● **SUPPLIED RECORDS**
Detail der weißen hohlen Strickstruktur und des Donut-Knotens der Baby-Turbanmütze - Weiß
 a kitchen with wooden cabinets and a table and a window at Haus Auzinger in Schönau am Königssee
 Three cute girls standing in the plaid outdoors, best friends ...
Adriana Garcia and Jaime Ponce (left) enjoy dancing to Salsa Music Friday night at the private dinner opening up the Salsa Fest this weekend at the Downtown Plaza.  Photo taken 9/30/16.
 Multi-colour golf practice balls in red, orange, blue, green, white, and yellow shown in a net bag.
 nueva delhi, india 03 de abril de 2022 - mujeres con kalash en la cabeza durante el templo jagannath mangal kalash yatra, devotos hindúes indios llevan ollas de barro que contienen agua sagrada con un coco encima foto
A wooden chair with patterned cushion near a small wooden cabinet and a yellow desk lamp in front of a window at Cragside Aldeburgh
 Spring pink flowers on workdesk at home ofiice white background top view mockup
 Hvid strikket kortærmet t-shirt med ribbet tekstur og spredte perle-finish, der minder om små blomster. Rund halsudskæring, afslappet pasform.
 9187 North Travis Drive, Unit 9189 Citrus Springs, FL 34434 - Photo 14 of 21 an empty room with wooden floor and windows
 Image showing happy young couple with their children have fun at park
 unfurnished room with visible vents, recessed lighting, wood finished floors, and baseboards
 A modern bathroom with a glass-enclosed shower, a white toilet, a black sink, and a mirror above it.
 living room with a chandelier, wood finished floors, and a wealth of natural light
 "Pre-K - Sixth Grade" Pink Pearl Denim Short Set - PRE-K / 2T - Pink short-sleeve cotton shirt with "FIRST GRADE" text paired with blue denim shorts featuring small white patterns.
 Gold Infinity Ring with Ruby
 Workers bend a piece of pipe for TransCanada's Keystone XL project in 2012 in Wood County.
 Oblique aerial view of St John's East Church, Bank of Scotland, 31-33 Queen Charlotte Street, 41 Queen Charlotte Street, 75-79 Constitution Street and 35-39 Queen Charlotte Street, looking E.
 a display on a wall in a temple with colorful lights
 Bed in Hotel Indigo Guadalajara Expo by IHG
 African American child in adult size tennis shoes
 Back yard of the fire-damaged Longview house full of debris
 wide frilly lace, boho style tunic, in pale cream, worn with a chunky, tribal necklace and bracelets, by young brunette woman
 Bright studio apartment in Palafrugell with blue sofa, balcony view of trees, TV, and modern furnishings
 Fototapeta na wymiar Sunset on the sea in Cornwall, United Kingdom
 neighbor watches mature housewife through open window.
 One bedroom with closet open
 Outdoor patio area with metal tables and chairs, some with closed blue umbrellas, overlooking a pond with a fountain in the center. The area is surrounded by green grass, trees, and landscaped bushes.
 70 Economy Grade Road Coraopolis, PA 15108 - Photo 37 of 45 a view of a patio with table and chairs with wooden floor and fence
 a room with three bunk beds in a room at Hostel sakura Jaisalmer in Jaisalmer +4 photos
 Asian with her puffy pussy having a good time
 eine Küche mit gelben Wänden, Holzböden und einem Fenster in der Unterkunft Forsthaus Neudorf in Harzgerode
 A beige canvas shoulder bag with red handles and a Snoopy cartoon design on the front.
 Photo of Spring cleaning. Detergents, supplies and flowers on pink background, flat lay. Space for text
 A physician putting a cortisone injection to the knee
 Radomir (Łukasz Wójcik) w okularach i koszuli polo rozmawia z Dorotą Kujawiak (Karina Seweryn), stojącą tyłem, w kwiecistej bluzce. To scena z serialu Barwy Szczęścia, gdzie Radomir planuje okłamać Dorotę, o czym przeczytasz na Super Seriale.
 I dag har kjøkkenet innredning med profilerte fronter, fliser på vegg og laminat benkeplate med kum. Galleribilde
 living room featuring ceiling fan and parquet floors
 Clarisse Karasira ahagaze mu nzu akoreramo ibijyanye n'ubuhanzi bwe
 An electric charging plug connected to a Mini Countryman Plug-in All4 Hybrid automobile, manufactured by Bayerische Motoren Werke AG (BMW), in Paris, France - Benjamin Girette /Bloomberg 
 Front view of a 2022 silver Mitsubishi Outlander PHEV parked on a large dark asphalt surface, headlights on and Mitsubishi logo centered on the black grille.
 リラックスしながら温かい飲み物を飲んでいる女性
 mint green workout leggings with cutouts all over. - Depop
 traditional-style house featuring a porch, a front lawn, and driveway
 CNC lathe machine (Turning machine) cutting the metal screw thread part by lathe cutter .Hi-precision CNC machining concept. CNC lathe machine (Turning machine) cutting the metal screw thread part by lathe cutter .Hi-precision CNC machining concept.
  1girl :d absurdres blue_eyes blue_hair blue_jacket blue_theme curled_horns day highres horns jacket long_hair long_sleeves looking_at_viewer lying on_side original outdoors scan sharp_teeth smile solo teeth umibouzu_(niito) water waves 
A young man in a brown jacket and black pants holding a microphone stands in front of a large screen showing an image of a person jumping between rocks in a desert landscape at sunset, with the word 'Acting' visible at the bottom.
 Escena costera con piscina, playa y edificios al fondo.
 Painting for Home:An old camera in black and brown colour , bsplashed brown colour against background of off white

● **ACTION ITEM**
Retype exactly the lines of the data above that fall between the line with "nueva delhi, india" and the line with "unfurnished room with", inclusive, and add nothing.

● **RESULT BELOW**
 nueva delhi, india 03 de abril de 2022 - mujeres con kalash en la cabeza durante el templo jagannath mangal kalash yatra, devotos hindúes indios llevan ollas de barro que contienen agua sagrada con un coco encima foto
A wooden chair with patterned cushion near a small wooden cabinet and a yellow desk lamp in front of a window at Cragside Aldeburgh
 Spring pink flowers on workdesk at home ofiice white background top view mockup
 Hvid strikket kortærmet t-shirt med ribbet tekstur og spredte perle-finish, der minder om små blomster. Rund halsudskæring, afslappet pasform.
 9187 North Travis Drive, Unit 9189 Citrus Springs, FL 34434 - Photo 14 of 21 an empty room with wooden floor and windows
 Image showing happy young couple with their children have fun at park
 unfurnished room with visible vents, recessed lighting, wood finished floors, and baseboards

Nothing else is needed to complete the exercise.